While K-Means and similar algorithms present challenges in determining the optimal cluster count, AP eliminates this explicit specification. However, tuning might be necessary if the resulting cluster count deviates from the desired outcome. Fortunately, adjusting preferences can manipulate the cluster count. Higher preferences lead to more clusters, as each point becomes ‘more certain’ of its exemplar suitability, making it harder to ‘beat’ and include under another point’s ‘domination’. Conversely, lower preferences result in fewer clusters, as if points are relinquishing their exemplar candidacy in favor of another. As a general guideline, setting preferences to the median similarity yields a medium to large cluster count, while the lowest similarity results in a moderate count. Nevertheless, several runs with preference adjustments might be needed to achieve the desired outcome.

Hierarchical Affinity Propagation, a notable variant, addresses quadratic complexity by partitioning the dataset into subsets, clustering them individually, and performing a second-level clustering.

In The End…

Numerous clustering algorithms exist, each with its strengths and weaknesses regarding suitable data types, time complexity, and limitations.
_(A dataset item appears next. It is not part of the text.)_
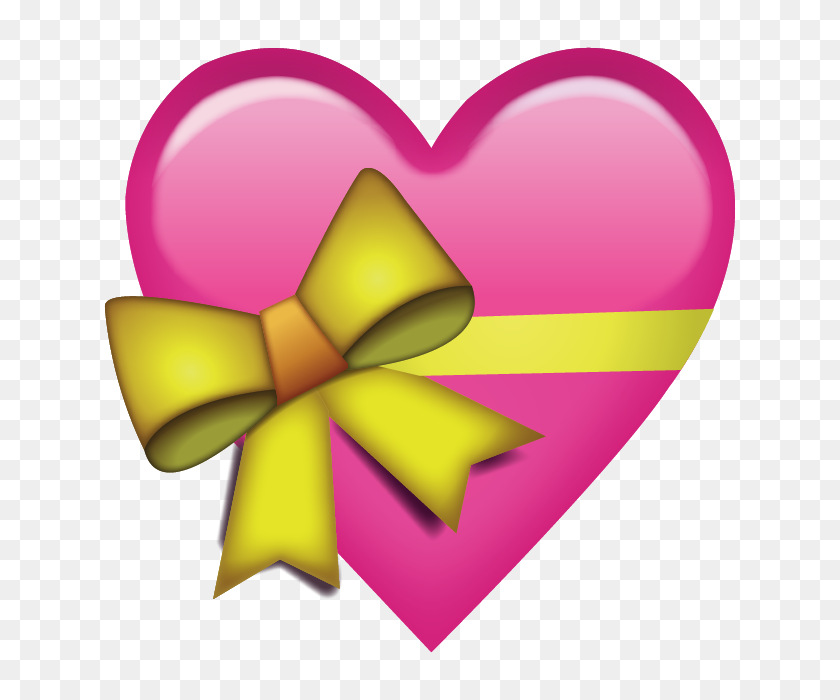 640x640 Скачать Розовое Сердце С Лентой Emoji Icon Emoji Island - Желтое Сердце Emoji Png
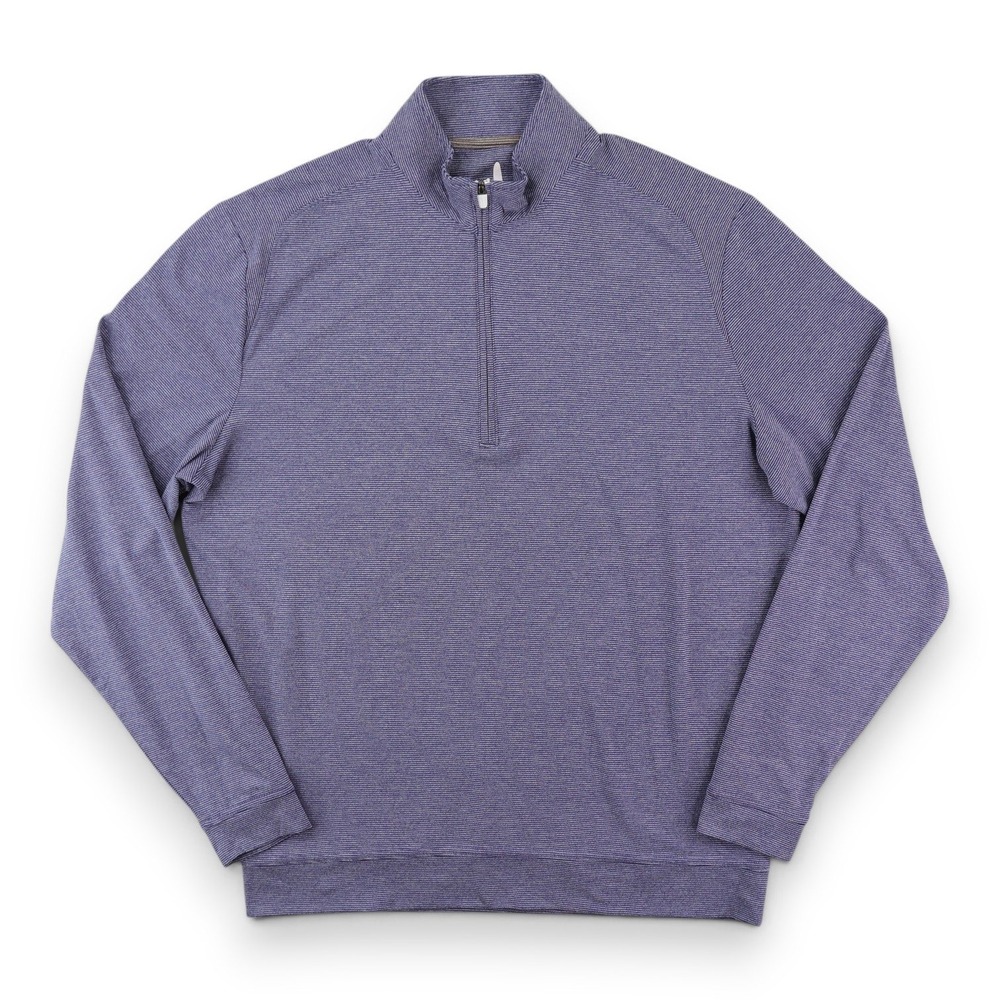 johnnie-O Vaughn Striped Quarter-Zip Pullover Mens Medium Blue Performance Golf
For instance, Hierarchical Agglomerative Clustering (or Linkage Clustering) excels when dealing with non-circular (or non-hyperspherical) clusters and an unknown cluster count. Starting with each point as a separate cluster, it merges the two closest clusters iteratively until all points belong to a single cluster.

Hierarchical Agglomerative Clustering allows easy determination of the cluster count by horizontally cutting the dendrogram (tree diagram) at a suitable level. While ensuring repeatability (consistent results for the same dataset), it exhibits higher complexity (quadratic).

DBSCAN (Density-Based Spatial Clustering of Applications with Noise) is another noteworthy algorithm. Grouping densely packed points and expanding clusters in directions with nearby points, it handles diverse cluster shapes effectively.

These algorithms warrant dedicated articles for comprehensive exploration.

Knowing when to utilize a specific algorithm often requires experience and experimentation. Fortunately, diverse implementations across various programming languages exist, requiring only a willingness to explore and experiment.